方才的路和荊棘叢早就不見了蹤影,三人是越走越荒。原先寒霧之上還能看見不少的大樹,現在腳底下就剩下白茫茫一片。
封慕塵蹲下身,掬起一把沙子看了看:“是河沙和卵石,方位沒有問題。照路程來看,我們應該已經到沙河了。”
守中也從腳下的沙中扒拉出了幾粒螺殼,他驚訝道:“我們腳下的,難道就是乾涸的沙河?”
封慕塵站起來,随手将沙子揚了:“沿着河床走吧。丁卯說走到兩河交彙處就到了。”
既然方向沒錯,那就接着走吧。
走着走着,守中又憋不住話了。
“哎,我說封陰使。之前在金闕,玄老給我和酉哥下的是什麽套?既不是幻術,也不是結界,用靈力也探不到頭。”
封慕塵望了眼前方的北陰玄老,緩緩地搖了下頭。
這地方已經冷到幾乎滴水成冰的地步了,守中縮着肩搓了兩下手,接着說道:“這也太冷了!”
“辰星守南鬥,在北,民凍死。”封慕塵道,“冷還在後頭。”
“民凍死?今年是極寒?”
封慕塵緩緩地點了點頭,星象不會有假,加之之前預示亂世兵燹的星象……接下來的幾個月,人界恐怕不會安寧。

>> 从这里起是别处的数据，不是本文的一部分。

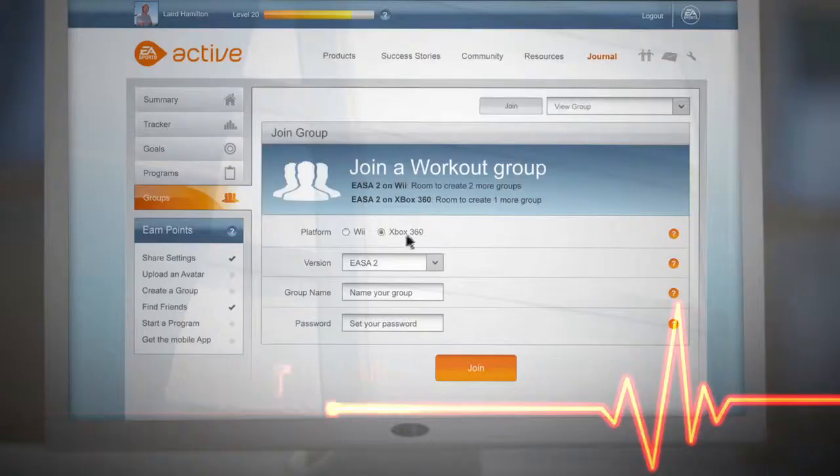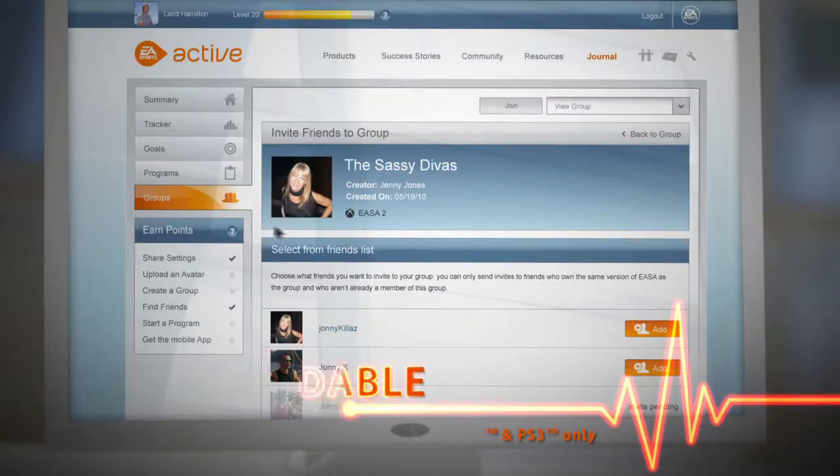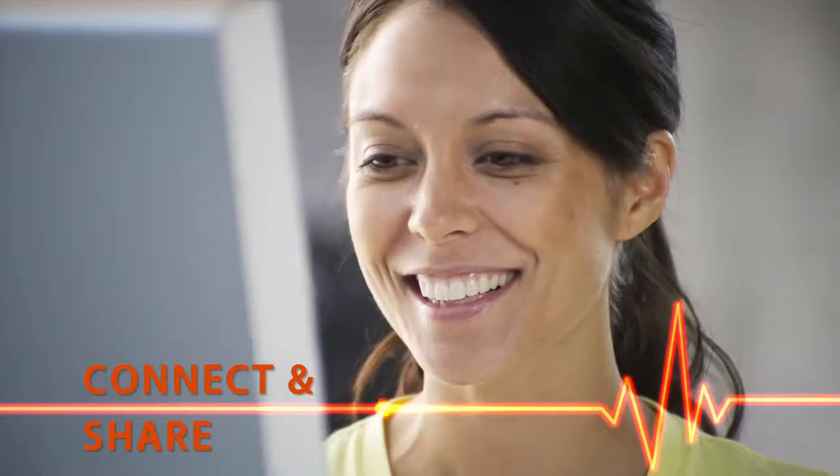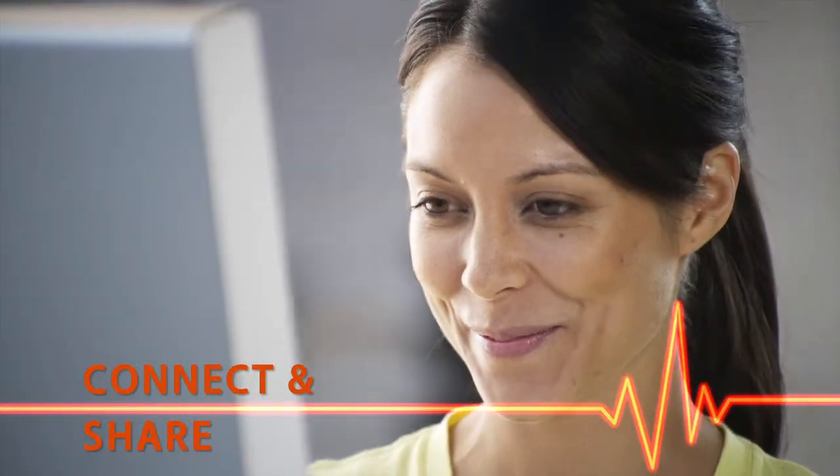At our online hub, you can join a workout group, download new exercises and workouts, and get all the extra support and encouragement you need to get fit and stay fit for life.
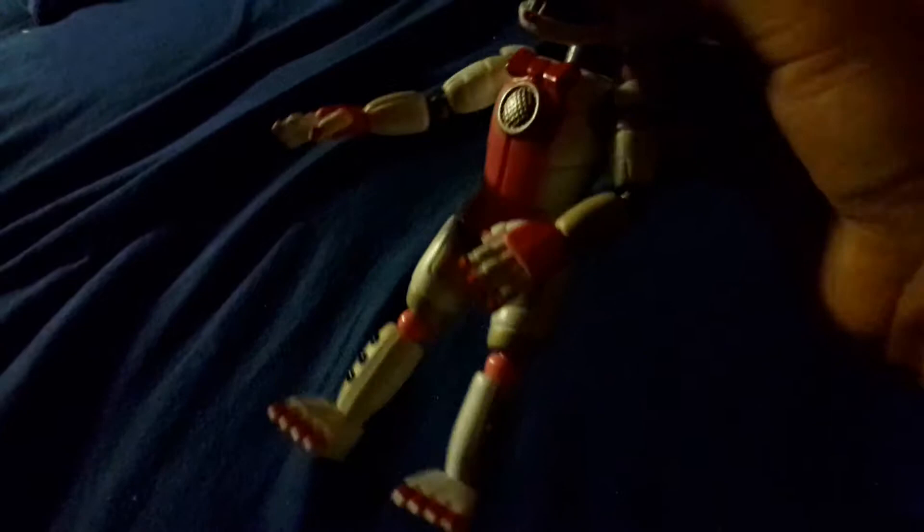I found out that it moves and twists its hips from its body. The lighting sucks but there is this — you can twist it like that.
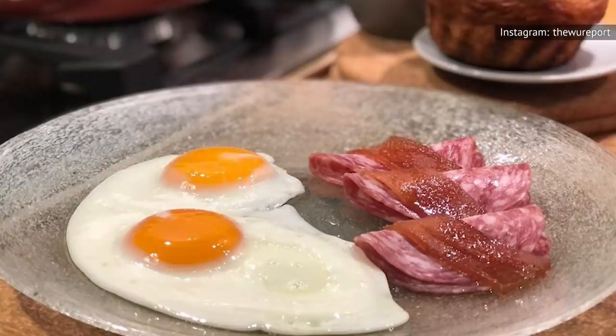Cracking eggs into a pan that's too hot can ruin your sunny-side-up eggs, as can letting the oil get to a boiling temperature. Keep these simple rules in mind, and you'll wind up with sunny-side-up eggs that simply rule.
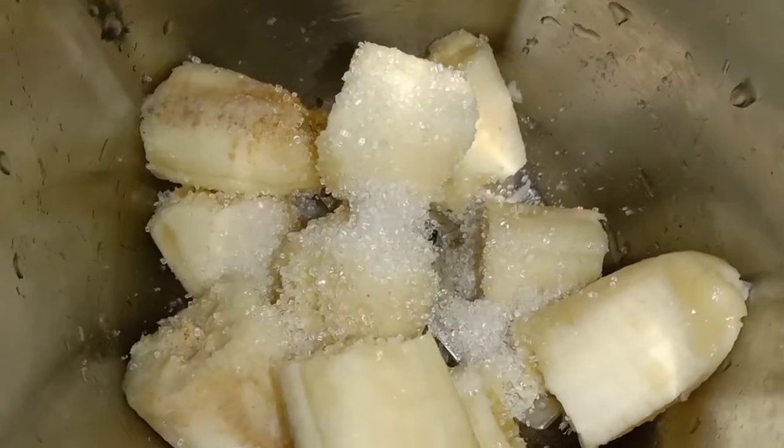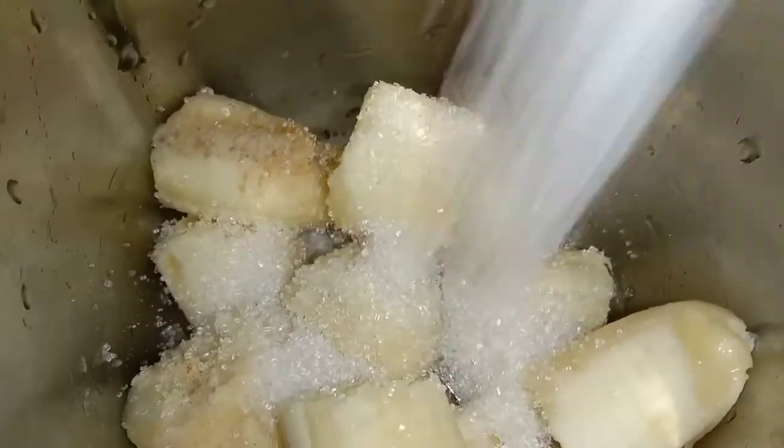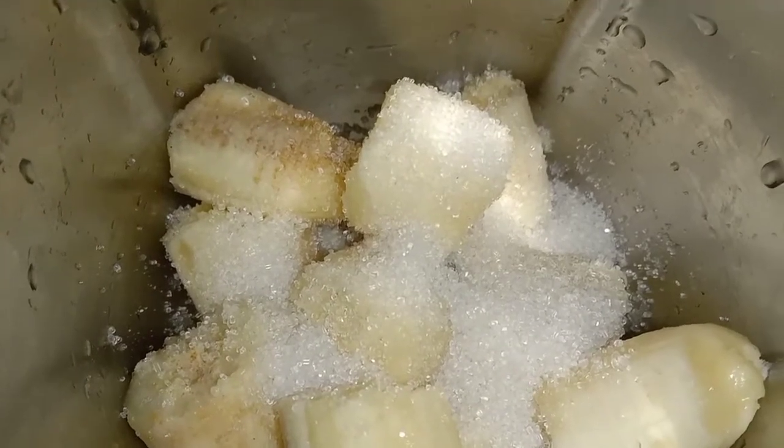Add two to three tablespoons of sugar or jaggery as required. You can also use honey or maple syrup instead of sugar. Blend till smooth.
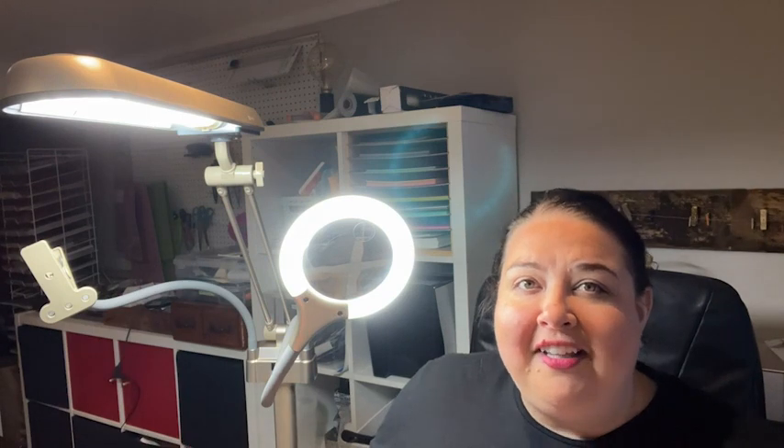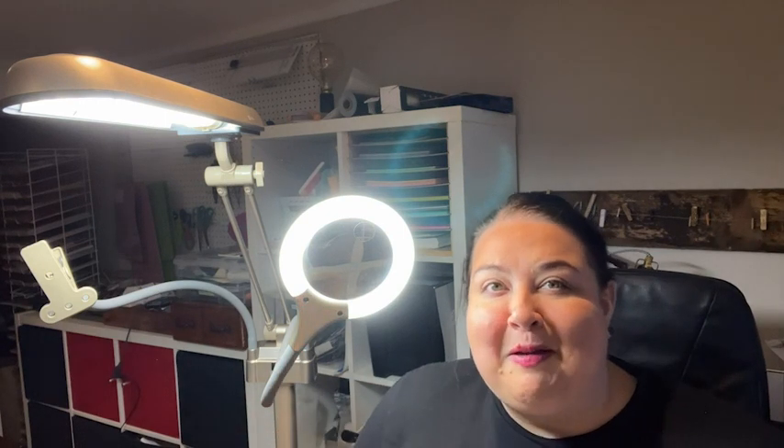If you are looking for the ultimate craft light, I can't say enough good things about this one from OttLite. Your crafting experience is just going to go to the next level. You've got to get this light from OttLite — that's my point of view.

此時,玄老突然停下了腳步,封慕塵和守中見狀,也快走兩步站到了玄老身邊。
北陰玄老盯着前方,面色有些古怪。
封慕塵和守中順着他的目光望去,只見前面出現了一棵望不着頂的大樹。
守中由衷地感嘆道:“好!大!一!棵!樹!”
大樹的樹乾就像是一堵牆,凡目之所及,都是它粗糙赤紅的樹皮。大樹的下方倒是一目了然,腳下蜿蜒的寒霧竟似有生命般,向兩邊繞開了它。大樹下落滿了一簇簇金黃色的明豔花朵,花朵的基部綴了一抹紅色,像是女子臉頰上嬌俏的腮紅。
“這花真好看。”
守中撿起一朵,問道:“封陰使,你在人界走南闖北的,知道這是什麽樹嗎?”
“花似栾,不過,得看了葉才能确定。”
守中眯起眼向上望,可惜看了半晌,竟還是沒能望見樹冠在何處。
“栾是上古之樹。玄老,你可知道?”
“……玄老?”
封慕塵回過頭去,剛才還站在一旁的玄老竟不見了蹤影!
“哎?玄老呢?人怎麽沒了?什麽時候走的?”
“玄老?”
二人喊了兩聲,北陰玄老沒出現,倒是從上面落下來一片碩大的樹葉,砸在了封慕塵腳下。
封慕塵彎腰撿起來,翻看了兩下:“确實是栾樹。不過這葉片黃綠中透着赤色,倒是從未見過……”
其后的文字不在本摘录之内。